## What you should do
Would you please reproduce all the entries exactly, leaving the pictures out?

Short text fragments from websites

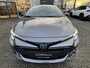 Toyota Corolla Touring Sports HYBRID 140 DYNAMIC VOORRAADVOORDEEL!! NIEUW & DIRECT LEVERBAAR!! STOELVERW 17'' LM-VELGEN PARK-SENSOREN PRIVACY GLASS KEYLESS CLIMA CAMERA AD-CRUISE APPLE/ANDROID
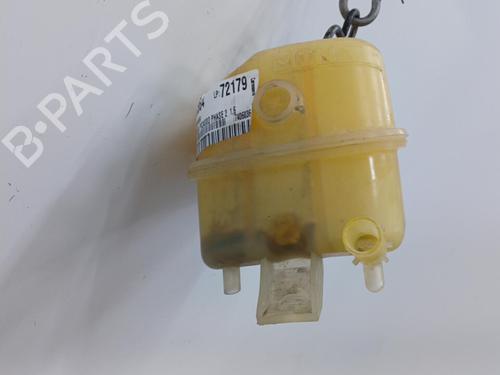 Expansion tank CITROËN XSARA PICASSO (N68) 1.6 HDi | BP20468335C120 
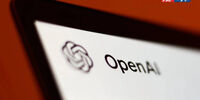 مرگ ناگهانی GPT-4o: خداحافظی جنجالی OpenAI با گذشته هوش مصنوعی!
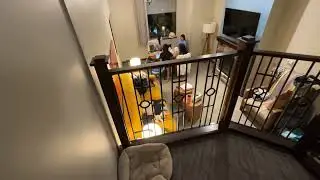 Camelback resort PA - two bedroom loft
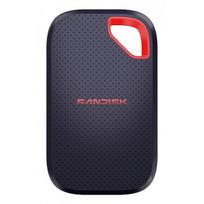Sandisk Portable V3 1TB USB 3.2 Gen 2x2 SDSSDE70-1T00-G25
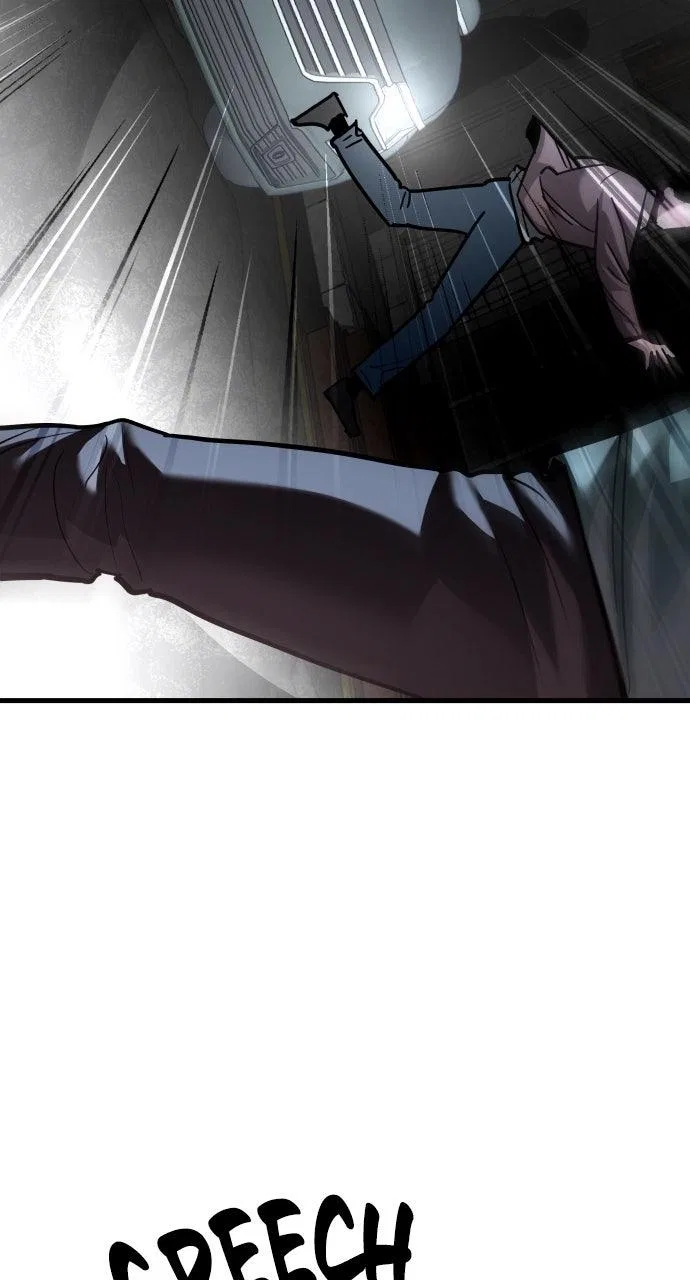 Justice Deserved Chapter 52 – Page 16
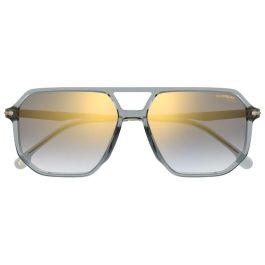 Gafas de Sol Hombre Carrera CARRERA 324_S Gafas de Sol Hombre Carrera CARRERA 324_S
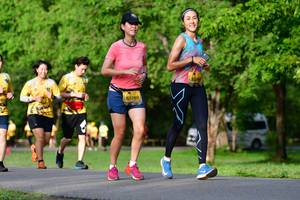 BIB: 1160
                            <button type="button" onclick="openModal(5146357)" class="btn btn-primary btn-sm float-right btn-popup" data-toggle="modal" data-target=".modal-high-quality">
                        <i class="fas fa-shopping-cart"></i> Add to Cart
                    </button>
                                            <button type="button" onclick="isThisMe(5146357, true)" class="btn btn-success btn-sm float-right btn-popup btn-isme hidden" data-toggle="tooltip" data-placement="bottom" title="นี่คือรูปของคุณใช่ไหม คลิกที่นี่เพื่อเอาเข้าอัลบั้ม">
                        <i class="fas fa-plus"></i> Add to album
                    </button>
                    <button type="button" onclick="isThisMe(5146357, false)" class="btn btn-warning btn-sm float-right btn-popup btn-isnotme hidden">
                        <i class="fas fa-ban"></i> Remove from album
                    </button>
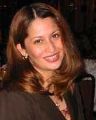 Cynthia Dios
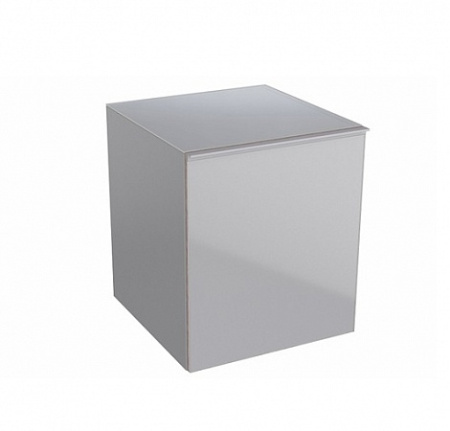Шкаф Geberit Acanto 500.618.JL.2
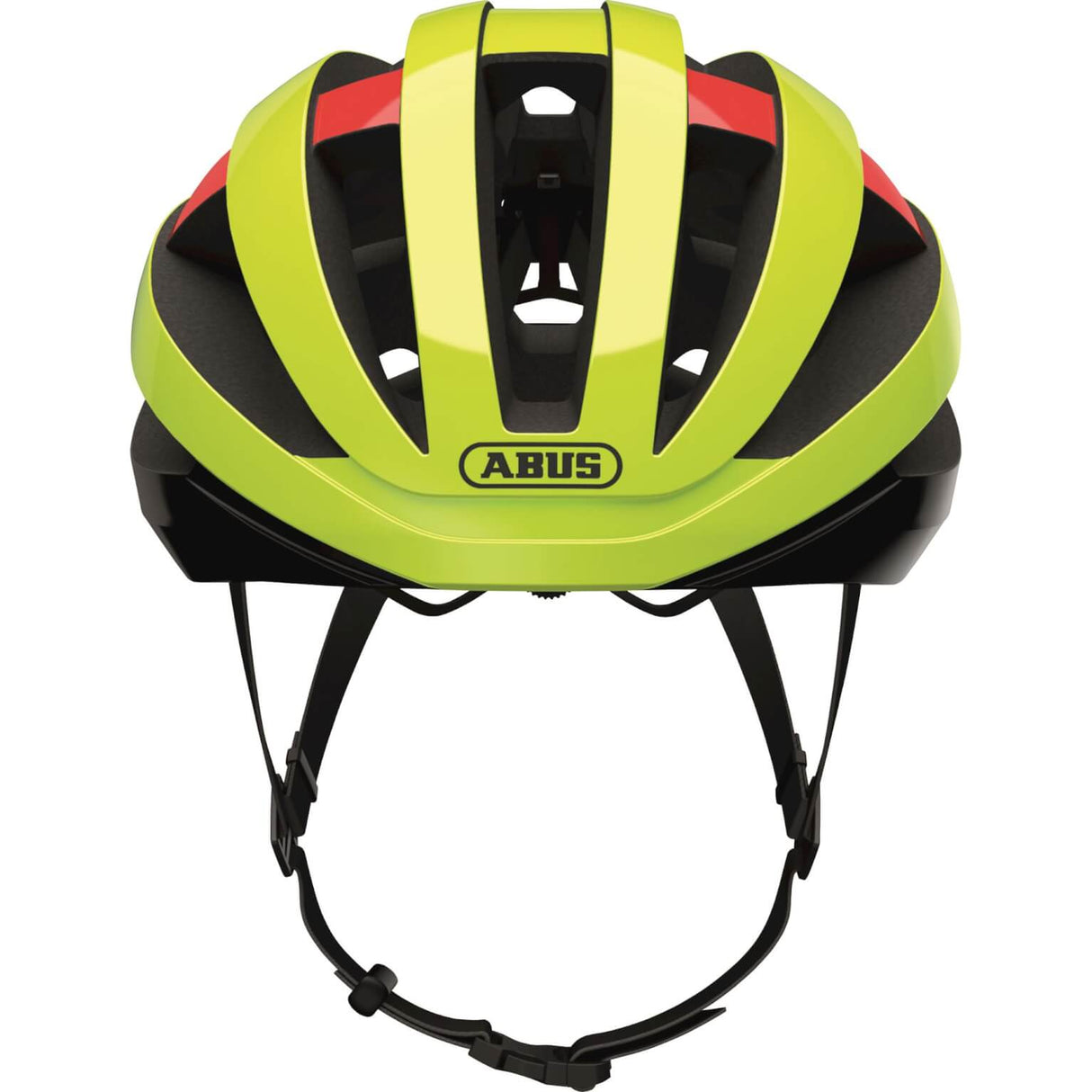 ABUS HELM VIANOR MIPS NEONE GEME M 52-58 cm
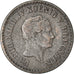 Moneta, Stati tedeschi, PRUSSIA, Friedrich Wilhelm IV, Groschen, 1841, Berlin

## Answer to the problem
 Toyota Corolla Touring Sports HYBRID 140 DYNAMIC VOORRAADVOORDEEL!! NIEUW & DIRECT LEVERBAAR!! STOELVERW 17'' LM-VELGEN PARK-SENSOREN PRIVACY GLASS KEYLESS CLIMA CAMERA AD-CRUISE APPLE/ANDROID
 Expansion tank CITROËN XSARA PICASSO (N68) 1.6 HDi | BP20468335C120 
 مرگ ناگهانی GPT-4o: خداحافظی جنجالی OpenAI با گذشته هوش مصنوعی!
 Camelback resort PA - two bedroom loft
Sandisk Portable V3 1TB USB 3.2 Gen 2x2 SDSSDE70-1T00-G25
 Justice Deserved Chapter 52 – Page 16
 Gafas de Sol Hombre Carrera CARRERA 324_S Gafas de Sol Hombre Carrera CARRERA 324_S
 BIB: 1160
                            <button type="button" onclick="openModal(5146357)" class="btn btn-primary btn-sm float-right btn-popup" data-toggle="modal" data-target=".modal-high-quality">
                        <i class="fas fa-shopping-cart"></i> Add to Cart
                    </button>
                                            <button type="button" onclick="isThisMe(5146357, true)" class="btn btn-success btn-sm float-right btn-popup btn-isme hidden" data-toggle="tooltip" data-placement="bottom" title="นี่คือรูปของคุณใช่ไหม คลิกที่นี่เพื่อเอาเข้าอัลบั้ม">
                        <i class="fas fa-plus"></i> Add to album
                    </button>
                    <button type="button" onclick="isThisMe(5146357, false)" class="btn btn-warning btn-sm float-right btn-popup btn-isnotme hidden">
                        <i class="fas fa-ban"></i> Remove from album
                    </button>
 Cynthia Dios
Шкаф Geberit Acanto 500.618.JL.2
 ABUS HELM VIANOR MIPS NEONE GEME M 52-58 cm
 Moneta, Stati tedeschi, PRUSSIA, Friedrich Wilhelm IV, Groschen, 1841, Berlin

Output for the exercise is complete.